Sorry, this is really long. But I want to share my experience having two professional fittings done on the same road bike (an ’05 Specialized Sequoia Comp). The specific problem I was trying to solve was that I wasn’t confident using the brakes from the hoods, and I couldn’t even reach the brakes from the drops (I have stubby fingers and fairly small hands.) I’ve got auxiliary brake levers on the top of the handlebars, which I use most often. I probably spend over 95% of my time on the top of the bars, just so I can have access to the brakes.
My LBS is owned by a woman who has a great reputation as a fitter, but my observations of fit sessions there had left me with the impression that they were tilted toward the “how does that feel?” end of the spectrum. I don’t know how it’s supposed to feel, and I’m an engineer (by training anyway), so I wanted something more “scientific.”
So last fall, I went to a shop that uses the Serotta Fit Kit system. It was over an hour away, but a friend had had a fitting there and was satisfied with the results. Rather than using my bike, I was fitted to the “Size Cycle” and analyzed by a fancy computer system, the “Computrainer Pro”. Then the measurements from the “Size Cycle” were supposedly incorporated into changes in my bike’s saddle height, stem length, bar height, etc. I also paid extra for a cleat alignment. The fitter never put me on my bike to make sure everything seemed right, and I was never observed riding the bike.
I got the bike home and felt the handlebars—38cm Salsa Pocos--were waaaay too narrow. I still couldn’t use the brakes from the hoods or the drops, and there wasn’t even enough real estate on the bar to comfortably fit the auxiliary brake levers. I found that after the fitting, I didn’t want to ride my road bike because the bars were so narrow; I think I only rode it a couple of times last fall. I called the fitter to talk about it, but he just said I had to ride it more. I didn’t want to ride it more—it wasn’t comfortable, and really didn’t even feel safe.
So last month I decided to try to solve my brake reach and drop discomfort problems by getting a different handlebar, a 40cm Bontrager Fit VR . This is a women’s bar with a very short reach and drop. When I went to the LBS (with the good fitter) to check the positioning of the hoods on the new bars before having them taped, a shop employee commented that my arms were much too straight and that my fit was way off. I decided to bite the bullet and have another fitting done, this time the “artistic” way.
Well. What a difference.
First I just pedaled the bike on the trainer. I complained that something seemed to be wrong with the trainer because it was very jerky, and I couldn’t pedal smoothly. She ignored me, and said that my left leg appeared to be a bit shorter than my right, so she repositioned my right cleat to make up for the difference. I told her that it felt like I was pedaling with my toes, so she moved the cleats back and tweaked them a bit, and angled the left cleat because my knee wasn’t tracking properly. She also moved the saddle back a tad, lowered it, and changed its angle. Voila! I could pedal perfectly smoothly now—the problem wasn’t the trainer, it was me!

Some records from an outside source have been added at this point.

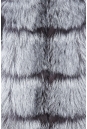 Пуховик женский из натуральной кожи с капюшоном, отделка чернобурка 2100046-4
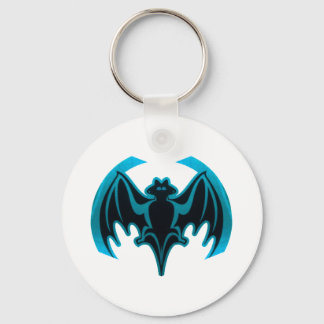Bat Cyan The MUSEUM Zazzle Gifts Keychain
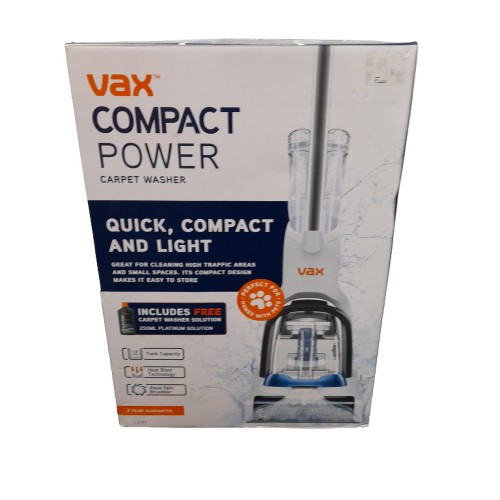 Vax VX97 Compact Power Carpet Washer in Box (LN)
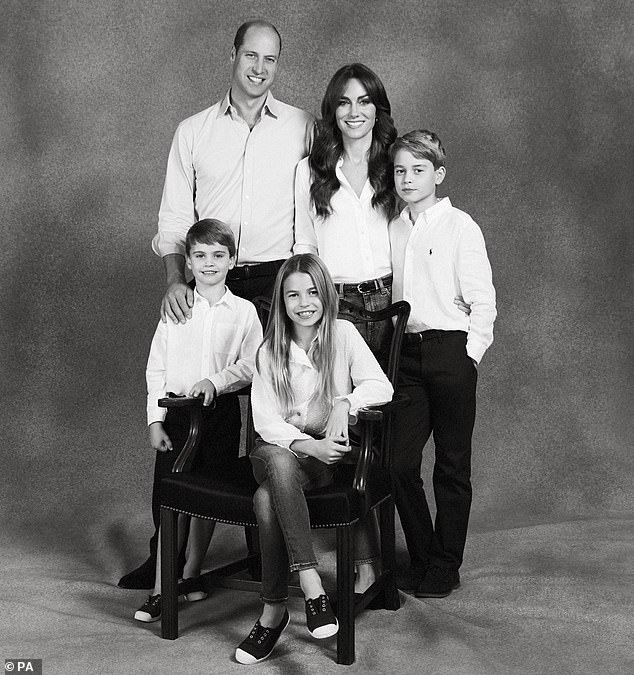 Back in 2023, the Prince and Prince of Wales also entrusted Shinner to shoot their Christmas portrait, with the family casually dressed for the stylish shoot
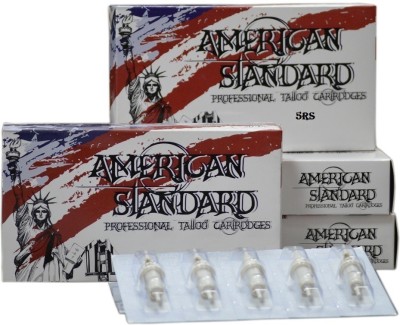 American Standard Tattoo cartridge Needle 1205RS Disposable Round Shader Tattoo Needles(Pack of 20)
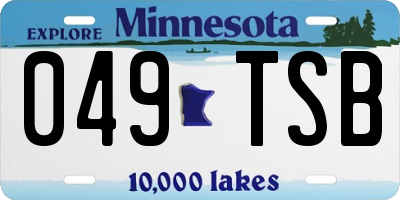 MN license plate 049TSB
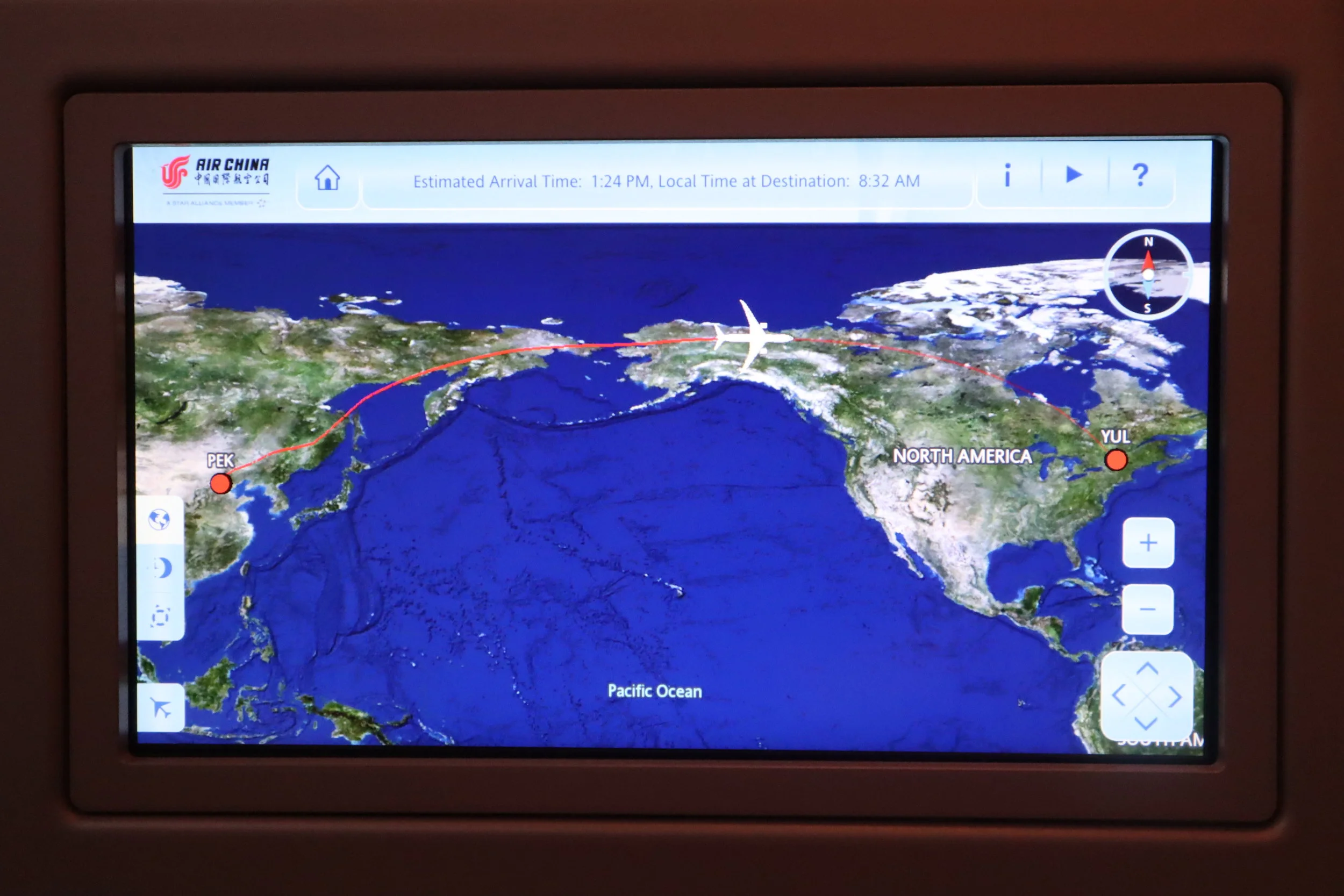 Air China business class – Airshow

She also changed the stem and its angle (went from 75mm to 110mm with a higher rise), and experimented with the tilt of the bars and the position of the hoods on the bars. I went back a few days later (after the brake cables were attached on the new handlebars) and rode it for about 20 minutes, with her observing.
On Sunday I did a 38 mile ride, and it felt (mostly) great. I never used the brakes on the top of the bars, and spent most of my time on the hoods. I may need to lower the bars a tad, and my right knee seemed like it was moving around a bit, but overall I had no aches or pains (which is remarkable since I haven’t ridden my road bike since last fall.) I know that the second fitter would never tell me to keep riding it if there was any discomfort; she wants to know right away and fix it.
Maybe the Serotta Fit Kit system works better when one is ordering a custom bike instead of using the measurements to retrofit an existing bike. At this point, I’m sold on the non-scientific method of fitting.